Considerate le polemiche di settimana scorsa, non c'è il rischio di un trattamento differente a seconda delle regioni?
Esiste il rischio di un'eterogeneità tra regione e regione che, per esempio, potrebbe provocare spostamenti di pazienti verso strutture sanitarie che offrono il day hospital anziché il ricovero. Ma è anche vero che c'è un limite costituzionale forte per tutti i legislatori di intervenire sulle modalità di cura, sulla libertà del medico e sul rapporto tra il medico e il paziente.

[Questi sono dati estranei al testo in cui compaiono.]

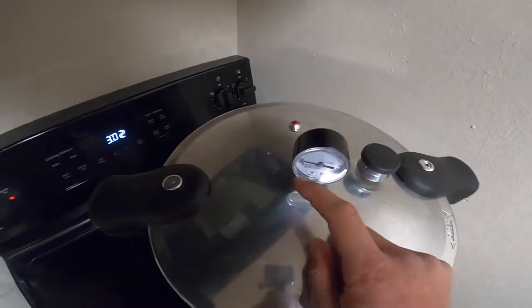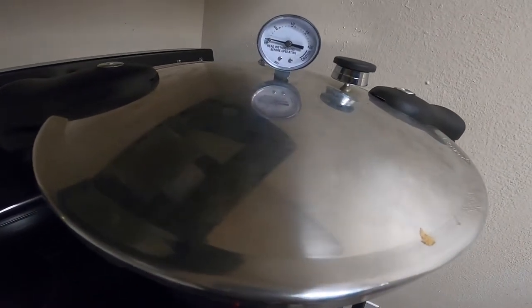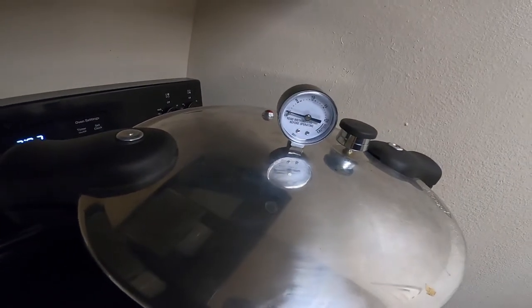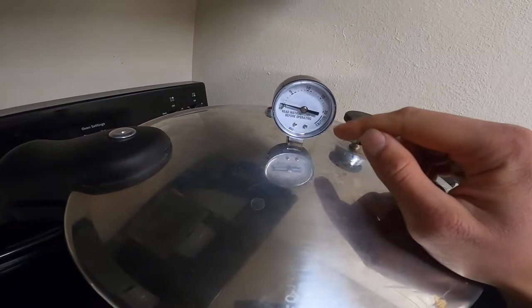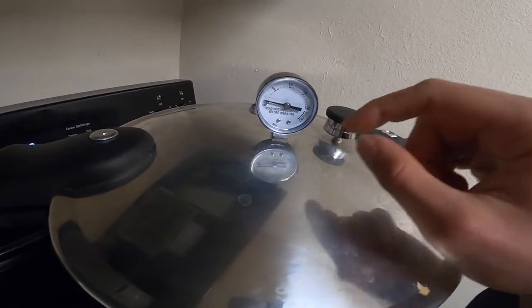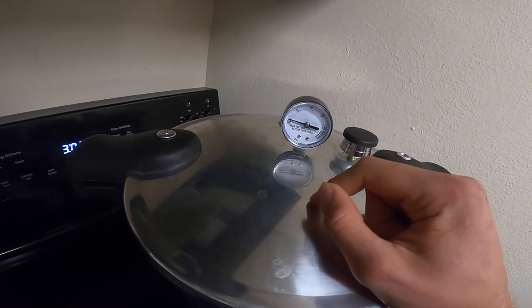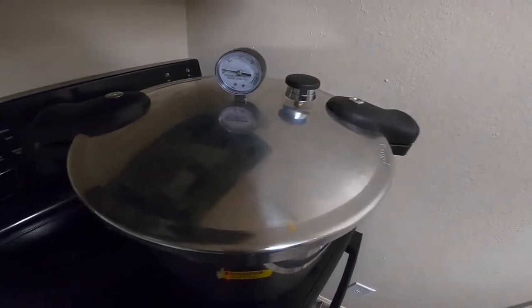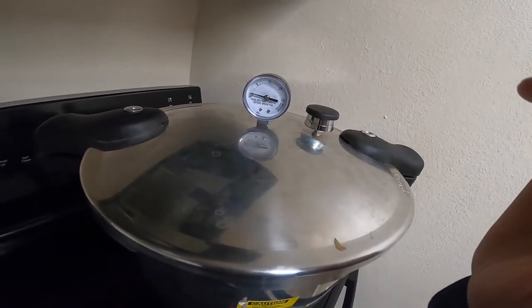When you're sterilizing something, generally the higher the pressure the faster it's going to sterilize. But since this is not the weighted topper, I cannot go too high in pressure or else steam will leak out. I'll lose steam and run the risk of running my pressure cooker dry — and if you do that it will combust and explode, which could result in injury or even worse. So when doing this with a regular household pressure cooker, you really need to keep an eye on it at all times.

Inoltre, si parla di un trattamento che appartiene alla categoria dei livelli essenziali di assistenza, che non prevedono l'intervento del ministero nella modalità con cui devono essere erogate. Saranno le Regioni a elaborare le linee guida e a decidere i comportamenti da adottare

Come funziona nel resto d'Europa?
A parte poche eccezioni l'interruzione di gravidanza farmacologica è già in uso, Francia e Inghilterra lo adottano fino a nove settimane, nel 49% dei casi, in Scozia e in Svezia fino al 60%. Non è previsto ricovero ma solo uno stato di osservazione in day-hospital

Che cosa accade alla paziente che ha assunto il farmaco e quali sono i rischi per la salute della donna?
L'assunzione dei due farmaci provoca dolori molto simili a quelli mestruali, causati dalla contrazione dell'utero, come per altro avviene durante la mestruazione. Possono verificarsi disturbi allo stomaco, diarrea e sanguinamento che può durare a lungo, come nel caso di un aborto spontaneo. Solo in un caso su mille serve una trasfusione. La lunga durata dell'emorragia e una gestione complessiva dell'aborto più lunga sono un aspetto negativo, ma l'esperienza dimostra che le donne prediligono la soluzione chimica a quella chirurgica che prevede un'anestesia per gestire il dolore dell'intervento.